The Sheet2RDF VocBench tool

Sheet2RDF is also available as embedded VocBench 3 tool.

Installation

On the VocBench site, we provided detailed instructions for the installation of VocBench.

Sheet2RDF on VocBench

Once the installation is complete, you can start playing with VocBench. The user interface of Sheet2RDF consists of a tab, which can be opened by clicking on Sheetrdf under Tools navigation bar menu item.

Open

The UI is composed of three panels:

User Interface

Now, let's see how Sheet2RDF works.

The spreadsheet management

The input file (the spreadsheet to be processed) can be chosen and loaded through the Browse button. Once the input file is loaded, a preview of the datasheet is shown into the left panel. In the screenshot below, it is shown how is adopted a color code for the column headers status.

Datasheet preview

The spreadsheet columns need to be configured in order to guide the triplification process. This configuration will guide the automatic generation of the PEARL code which can be triggered by clicking the "play" button. Note that beside this button, two further buttons are available. These allows to export the current configuration so that it could be imported, edited and reused at a later time.

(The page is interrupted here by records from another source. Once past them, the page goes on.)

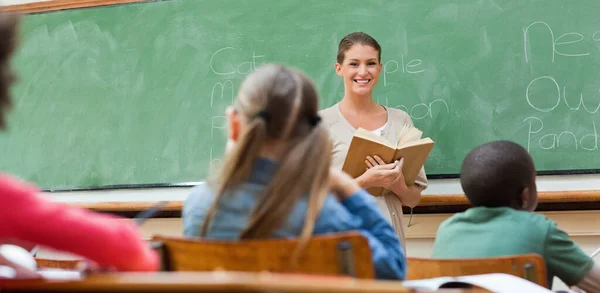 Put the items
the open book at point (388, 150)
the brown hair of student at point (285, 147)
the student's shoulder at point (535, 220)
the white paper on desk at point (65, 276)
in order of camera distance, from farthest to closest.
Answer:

In order to edit the header configuration, a dedicated dialog can be opened by clicking on the small icon near the column name.

The header editor

In order to better understand the usage of the header editor, it's important to clarify that the PEARL code (which is automatically produced according the configuration of the headers) is the real "brain" of the triplification process. The header editor is just a tool that simplifies the writing of the PEARL code, or even completely relieves the user from the task. In order to completely understand the PEARL language it is recommended to read its documentation, but for the use made of it in Sheet2RDF it is sufficient to know that the PEARL that it is going to be generated is composed essentially by two blocks: nodes and graph. Summarizing briefely:

So, practically, the header editor allows to define a set of nodes and their application in the graph section (named graph applications).
It is possible to completely exclude an header from the process of generation of the PEARL, simply by checking the ignore header checkbox.

As can be seen in the figure above, the header editor has to immutable fields:

Despite the PEARL feature identifiers cannot be edited, it is possible to customize the naming strategy. The settings dialog (accessed by clicking the button with the cog icon, next to the spreadsheet file picker) allows to choose among three choices:

Let's go back to the description of the header editor. Besides the two fields just described, there are two panels: one for the nodes and one for the graph section.
The nodes panel allows only to delete the nodes or to change minor details (like the language of literal converters, or the configuration of uri converters), it is not possible to create nodes directly from here, so let's focus to the Graph applications panel.

There are two kind of graph application:

Simple graph application

In most cases, the triplification of the content of a column doesn't require to define a complex graph pattern, the desired output could stick to the simple subject-predicate-object pattern. In this cases the creation of a simple graph application is enough.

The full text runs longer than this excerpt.